Für jedes einzelne Wrack erstellen die Wissenschaftlerinnen und Wissenschaftler eine Risikoanalyse. Zahlreiche Disziplinen sind an dem internationalen Projekt beteiligt, darunter Toxikologen, Geologen, Datenbankspezialisten, Modellierer, Historiker – und auch Juristen. Denn noch sind die Verantwortlichkeiten nicht eindeutig geklärt, sollte etwa von einem deutschen Wrack in niederländischen Gewässern eine Gefahr ausgehen.
Die Forschungsergebnisse werden nicht in der Schublade verschwinden. Zum einen gehen sie ein in eine Software mit Standorten von Munitionsaltlasten für die Nord- und Ostsee, die das Kieler Unternehmen EGEOS erstellt. Sie dient Behörden und Wirtschaft zur Risikoeinschätzung.

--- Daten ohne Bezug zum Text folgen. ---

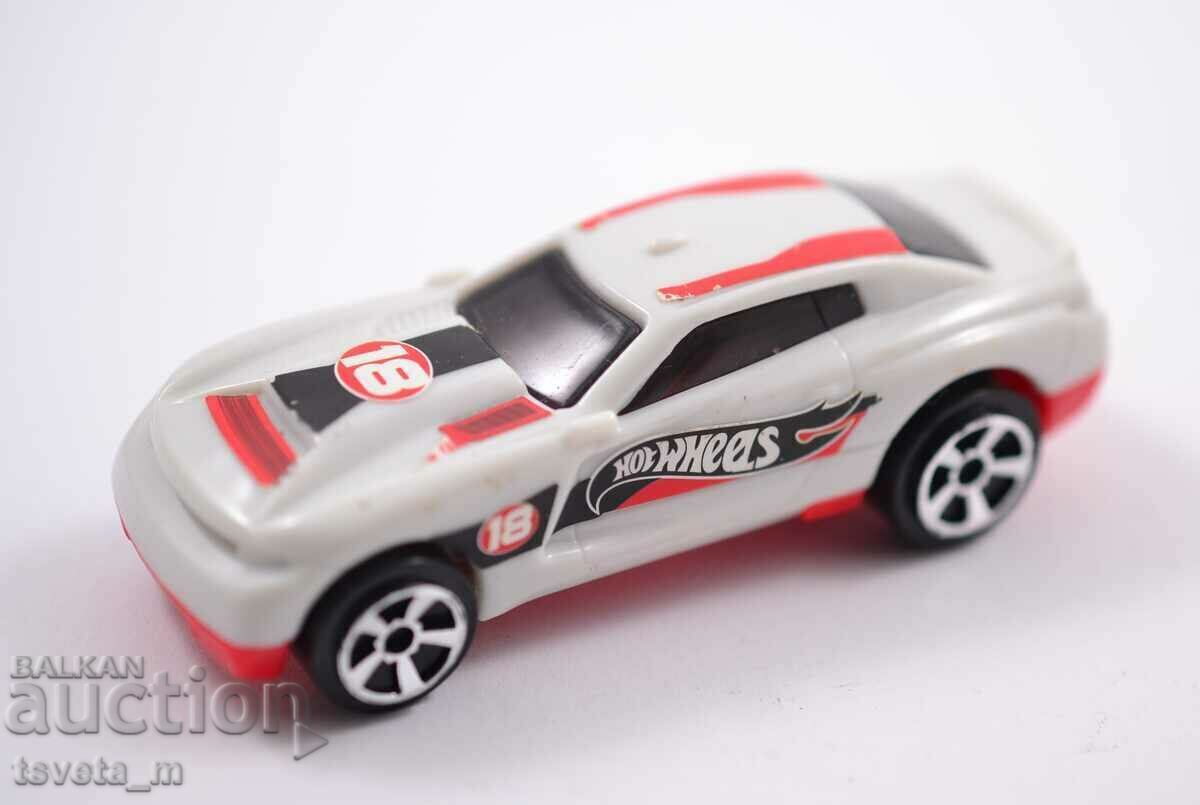 Τρόλεϊ McDonald's Happy Meal 2019, παιδικά παιχνίδια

Und zum anderen ist da noch die Wanderausstellung, die unter Verantwortung des DSM entsteht. Sie wird die Geschichten erzählen vom Untergang der „Mainz“ und anderer Schiffe, vom Schicksal der Besatzungen und von ihrer Hinterlassenschaft.
„Sonst bewegt man sich in den Grenzen seiner Fachwelt. Sie mit der Ausstellung zu überwinden, finde ich cool."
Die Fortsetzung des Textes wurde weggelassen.